Saturday, February 27, 2016

What does Ahab hope to achieve by battling nature's mysteries in Moby Dick?

The pursuit of the great white whale, in whom Ahab imbues
preternatual powers, is a metaphor for the conflict between man and the power of nature,
between man and his own fate.  For Ahab, orphaned at a young age and having lived on
ships most of his life, the sea represents the universe.  In Chapter 36, "The Quarter
Deck," of Moby Dick, Ahab tells his
crew,



"All
visible objects, man, are but as pasteboard masks.
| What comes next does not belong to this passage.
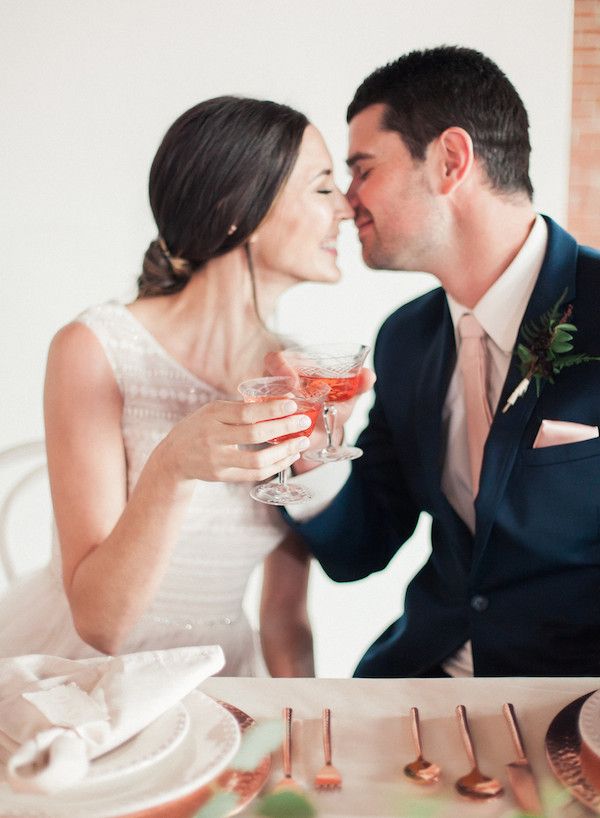  Romantic Blush and Rose Gold Downtown Phoenix Wedding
But in each event--in the living act,
the undoubted deed--there, some unknown but still reasoning thing puts forth the
moldings of its feature from behind the unreasoning mask.  If man will strike, strike
through the mask!  How can the prisoner reach outside except by thrusting through the
wall?  To me, the White Whale is that wall, shoved near to me.  Sometimes I think
there's naught beyond.  But 'tis enough.  He tasks me; he heaps me; I see in him
outrageous strength, with an inscrutable malice sinewing it.  That inscrutable thing is
chiefly what I hate." 



Ahab
would know the mysteries of nature, a nature that is often a dark force against man.  By
breaking through the "pasteboard mask" of the whale and other natural forces, Ahab hopes
to understand existential meanings, to make some sense of existence and man's role in
this mysterious world.  He pursues Moby Dick, a metaphysical force that knows the depths
of the sea, a symbol of existential consciousness, to whatever destiny may bring.  Thus,
Ahab's quest is biblical and epic in nature.